Helper for join and split fastq files.
Required python 3.6 or above.
# Linux
## split
python3 join_and_split.py split -m fastq_file
## join
python3 join_and_split.py join -f forward.fastq -r reverse.fastq
# Windows
## split
python join_and_split.py split -m fastq_file
## join
python join_and_split.py join -f forward.fastq -r reverse.fastq
Use -t to set linker text, by default the program use "JOINTEXT".
When split, "fastq_file" could be multiple files, use "*.fastq" (include quotation mark) to represent all ".fastq" files in current folder.
Divide NGS data by barcode and primer.
- Python 3.5 or above
- Biopython
- regex
- vsearch (Optional)
To install Biopython and regex, run as administrator:
pip install biopython regex
Support ambiguous base.
Extend vsearch options. Improve output
Integrate vsearch.
Use regex instead of BLAST. Faster and easier.

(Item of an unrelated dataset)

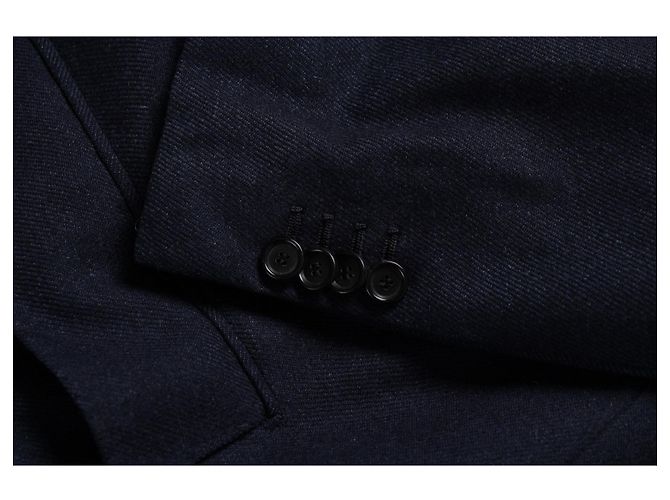 Autre Marque Cesare Attolini para Pauw, blazer de lã e cashmere Azul - vista 6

Parallel version, use BLAST.
Single core version. Use BLAST.
Deprecated.
It can handle merged pair-end sequence like this:
barcode-adapter-primer-sequence-primer-adapter-barcode
Or just handle one direction:
barcode-adapter-primer-sequence
Sequences will be divided by barcode according to given barcode file. If barcode is wrong even only one base, it will be dropped.
Some one adds sequence between barcode and primer, if you do not have it, just set adapter length to zero by "--adapter 0". The default value is 14.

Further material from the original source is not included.